Ein grosses Fragezeichen setzt der Kritiker des Parkplatz-Geschäfts auch hinter das System und die Anordnung der Parkier-Elemente. Die beiden Reihen seien näher beieinander vorgesehen, als es der Hersteller empfehle. So könnte es in der Veloparking-Gasse zu Staus kommen, nachdem beispielsweise ein voller Pendlerzug eingefahren ist. Ausserdem hegt Epple am einfachen Handling der Parkplätze in der oberen Etage seine Zweifel.
Der Baufachmann empfiehlt den Stimmbürgerinnen und Stimmbürgern die Ablehnung des Kredits. «Die SBB haben lediglich wirtschaftliche Interessen an einer schlanken Kapazitätsvergrösserung. Wir in der Gemeinde müssen das Zepter für eine umfassende Planung in die Hand nehmen.» Der Gemeinderat solle sich Gedanken darüber machen, wo man die Velos besser versorgen kann, «ohne Bäume abzuschneiden».
Epples Vision ist ein Veloparking unter der Bahnhofstrasse im Stile dessen unter dem Basler Centralbahnplatz. Er stellt sich zwei Zufahrten vor sowie einen direkten Zugang in die Unterführung. Fürs kleinere Portemonnaie schlägt der Bauunternehmer ein dreigeschossiges Parkhaus vor, wo sich heute der «Mobility-Parkplatz» befindet. Das Parterre sei für Velos zu reservieren, das Unter- und das Obergeschoss jeweils für Autos.
Optimale Variante gewählt
Gemeindepräsident Peter Buser (ebenfalls «Stechpalme») teilt Epples Ansicht über den Stellenwert von Grün im Siedlungsraum. Deshalb habe die Gemeinde auch darauf gedrängt, dass die Dächer der neuen Unterstände begrünt werden. Dies ist heute nicht der Fall. Er versichert, dass Gemeinderat und BPK das Projekt sorgfältig prüften. Man sei zum Schluss gekommen, dass die gewählte Variante das Optimum sei und die Fällung der Bäume vertretbar, zumal keine neuen Flächen versiegelt würden. Epples Kritik am System hält Buser entgegen, dass der Beweis bereits erbracht worden sei, dass es funktioniert. Zudem werde in Sissach ein neues, leichter zu bedienendes Modell installiert.
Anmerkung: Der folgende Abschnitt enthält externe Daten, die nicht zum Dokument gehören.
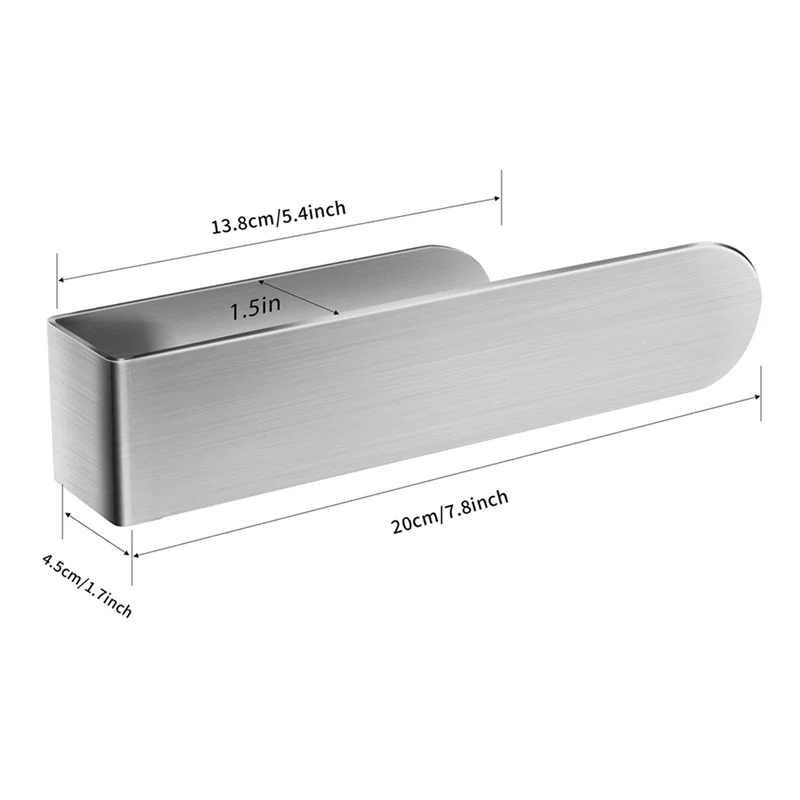 Soporte para toallas de mano de ABDJ-2X, barra para toallas de mano, barra para toallas de baño autoadhesiva en la pared, acero inoxidable cepillado, plata, B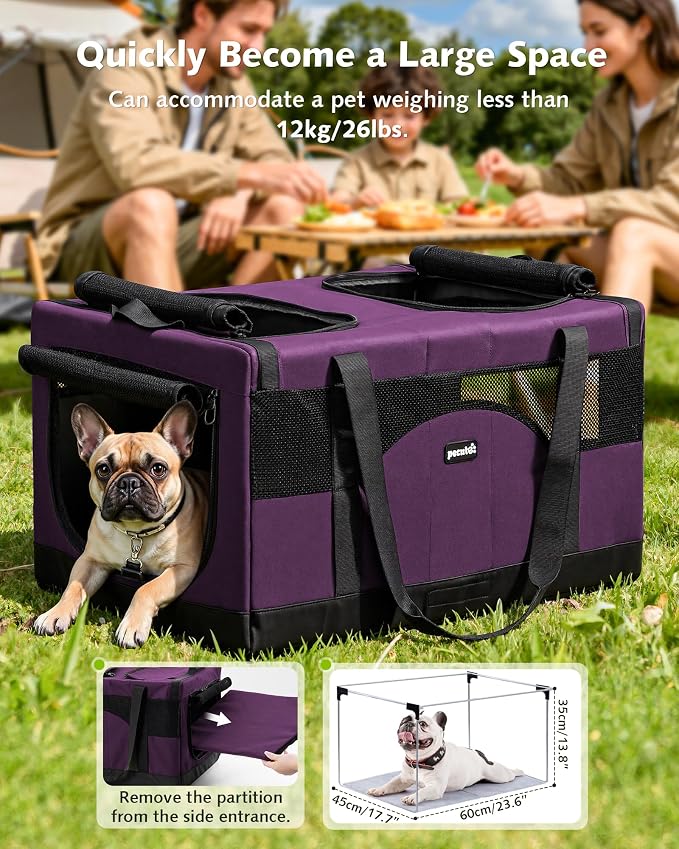Pecute Cat Carrier, Soft Double Pet Crate for 2 Cats Travel, Purple | 5mm Anti-collapse Frame, Convertible Dual Space, Foldable, Polyester Breathable mesh, Up to 26 lbs, Car Travel & Vet Visits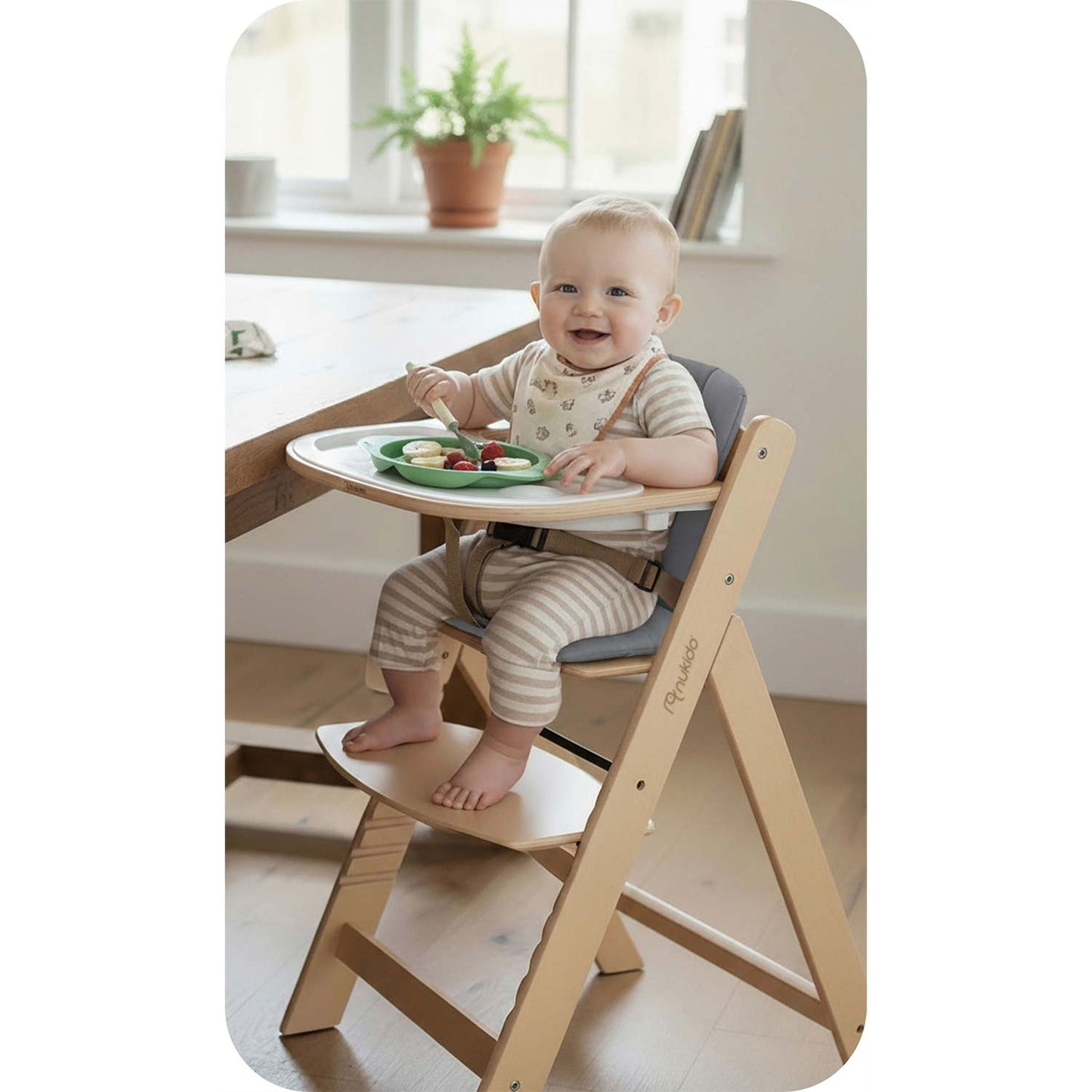 Wooden High Chair for Kids, Adjustable, Removable Tray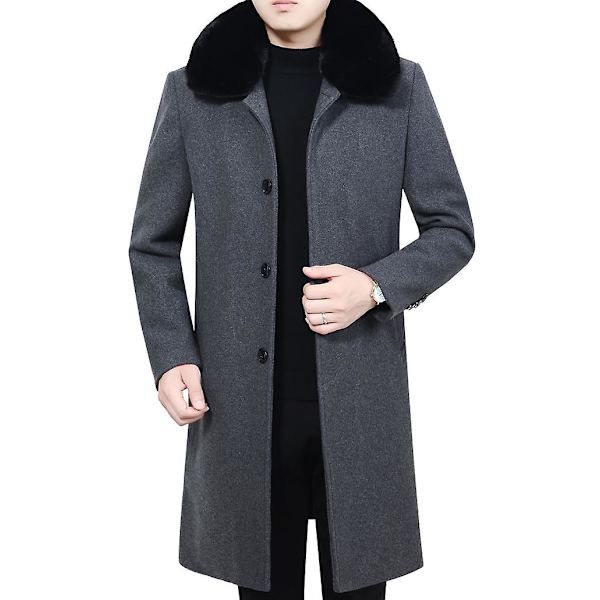 Fars efterår og vinter mellemlange tykke uldne frakke Grey 2XL
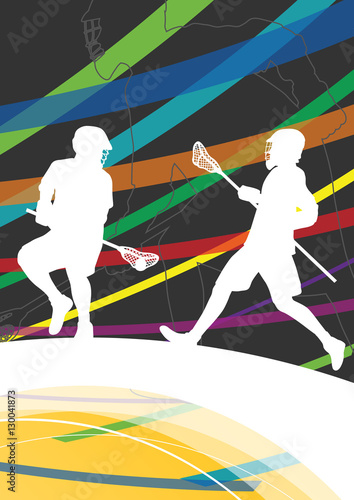 Men active sport lacrosse players silhouettes abstract backgroun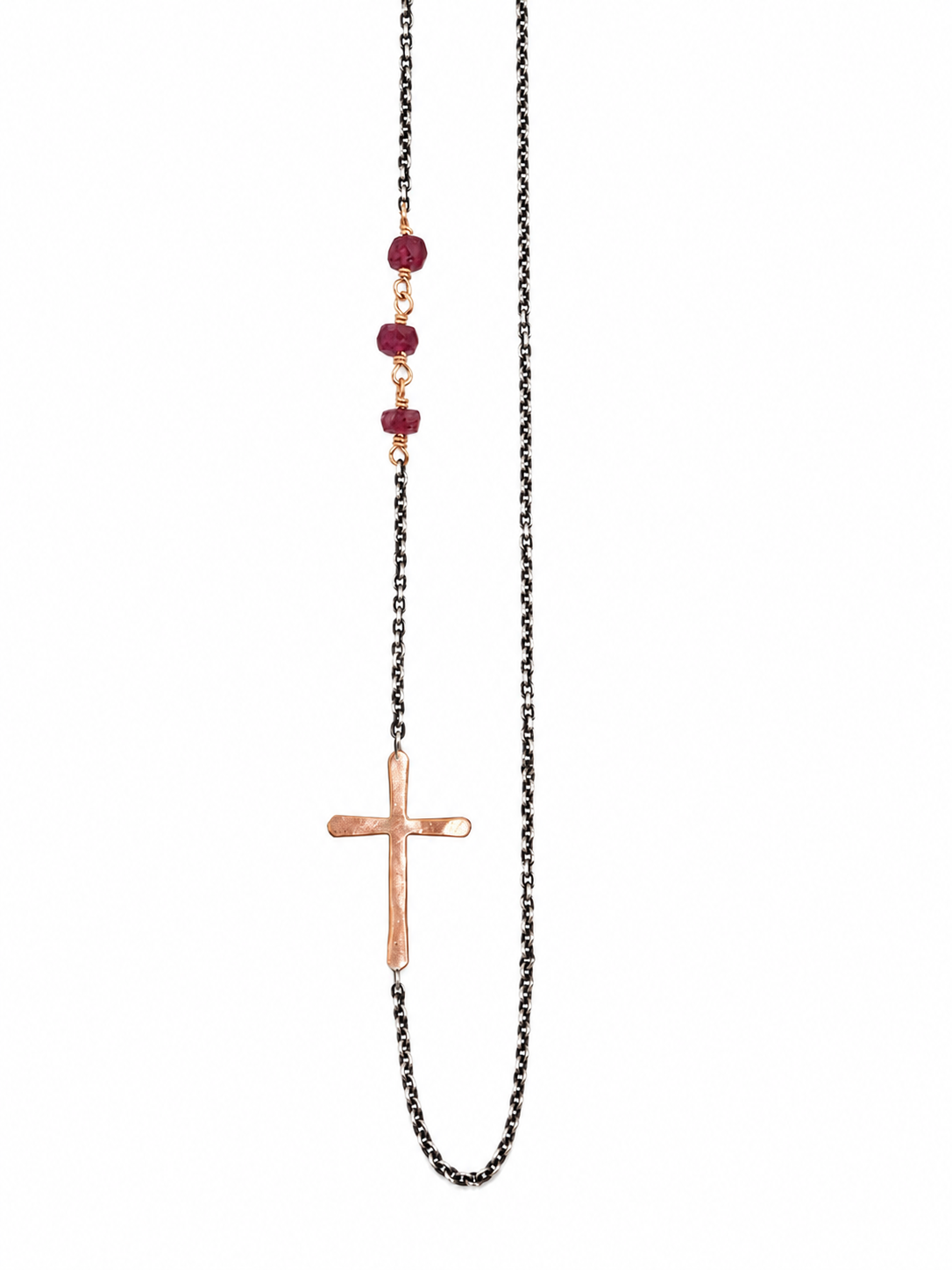 mixed metal cross with pink sapphires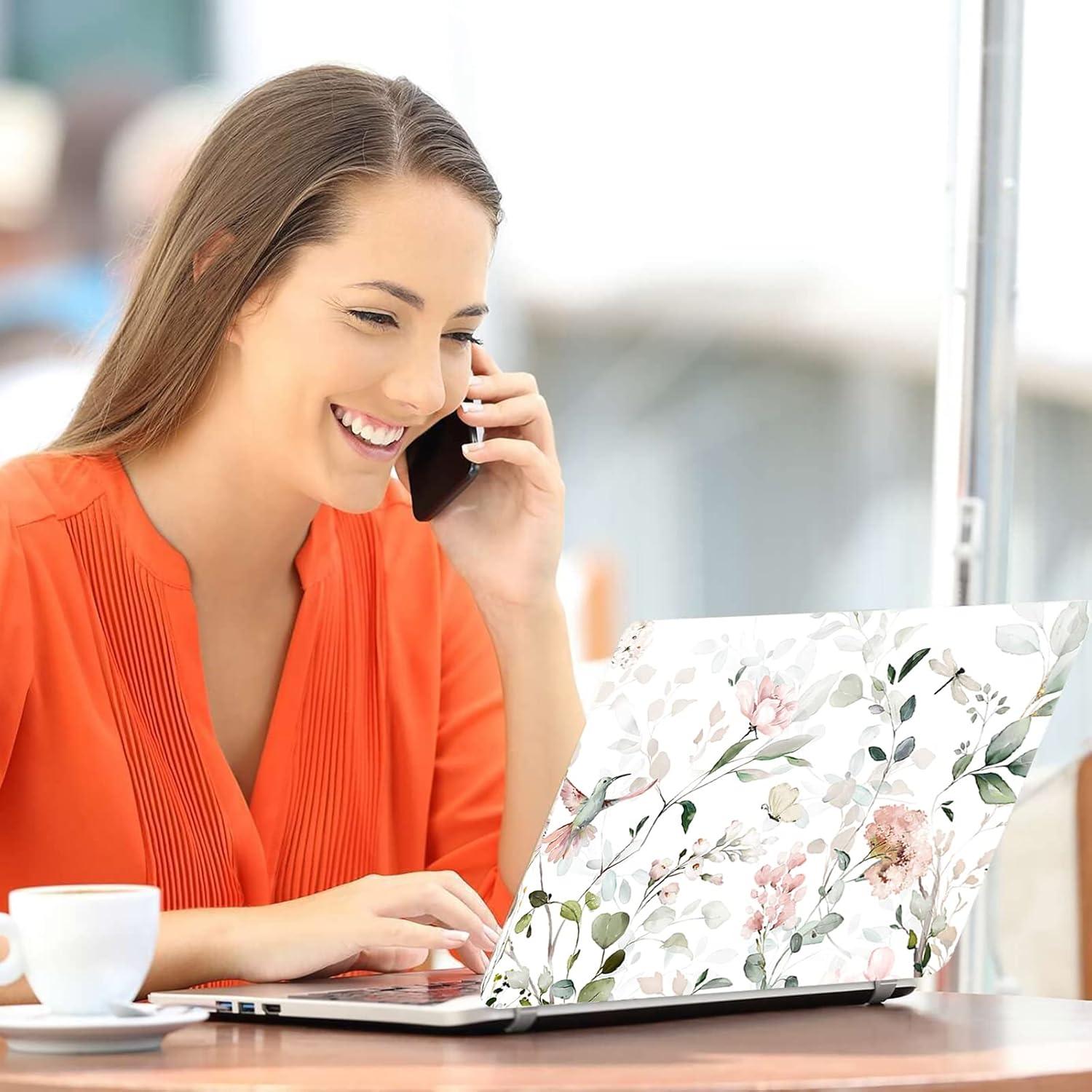 Pegatina para Laptop RICHEN 15.6" Flores y Aves Vinilo Protector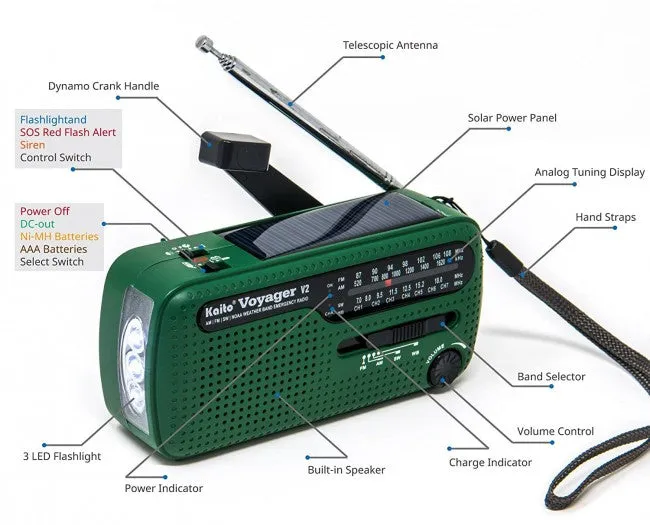 Kaito Voyager V2 Portable Solar / Hand Crank AM/FM, Shortwave & NOAA Weather Emergency Radio with USB Cell Phone Charger & LED Flashlight (Green)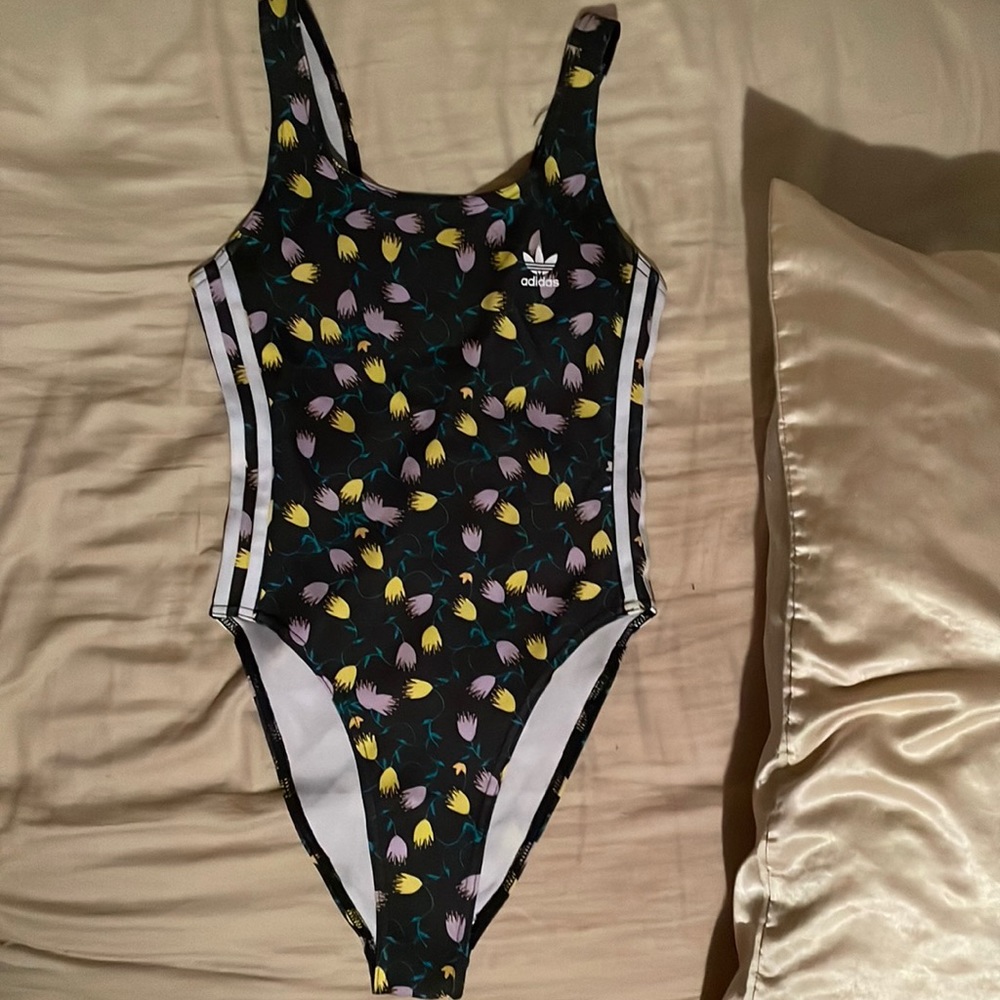 Adidas AOP floral bodysuit/bathing suit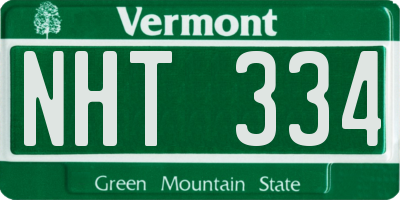 VT license plate NHT334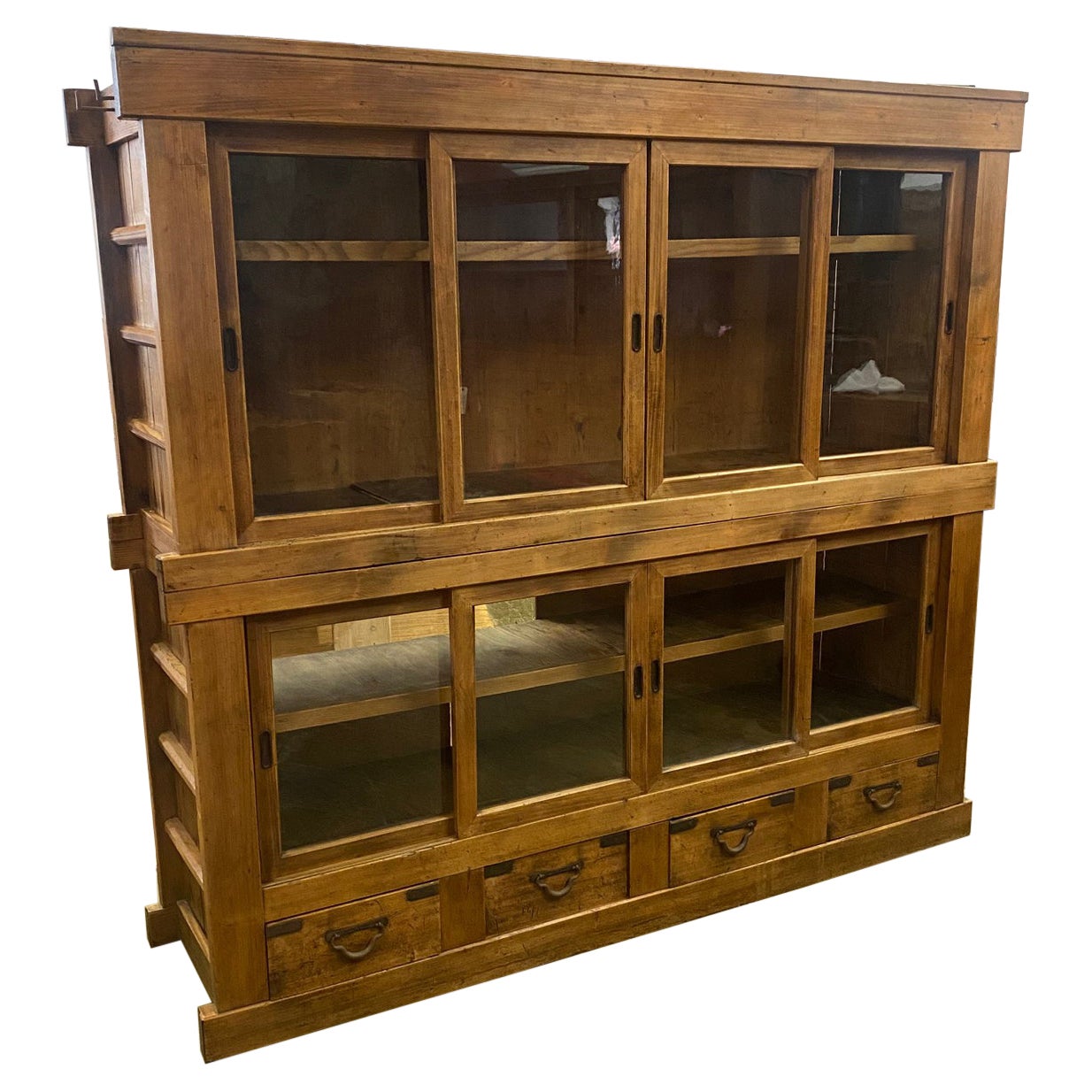 1850's Japanese Glass Front With Sliding Doors at 1stDibs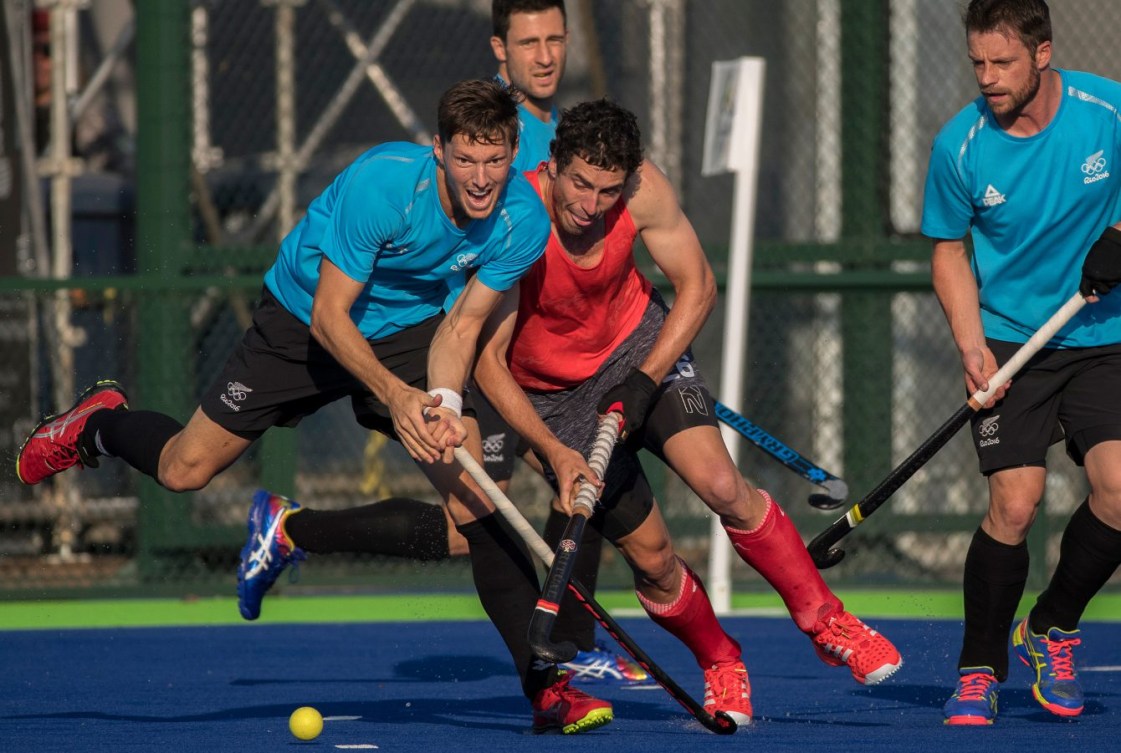 Men's field hockey team hits the turf during Rio training session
Das Unterflurparking für Velos hält Buser «für eine Gemeinde von der Grösse Sissachs utopisch» – und aufgrund vieler Leitungen unter der Bahnhofstrasse kaum für realisierbar. Einem neuen Parkhaus hingegen könne er grundsätzlich etwas abgewinnen. Der Gemeinderat beschäftige sich seit geraumer Zeit damit. Doch gehe es dort primär ums Parkieren von Autos der Bahnkunden sowie um die Entlastung der Begegnungszone.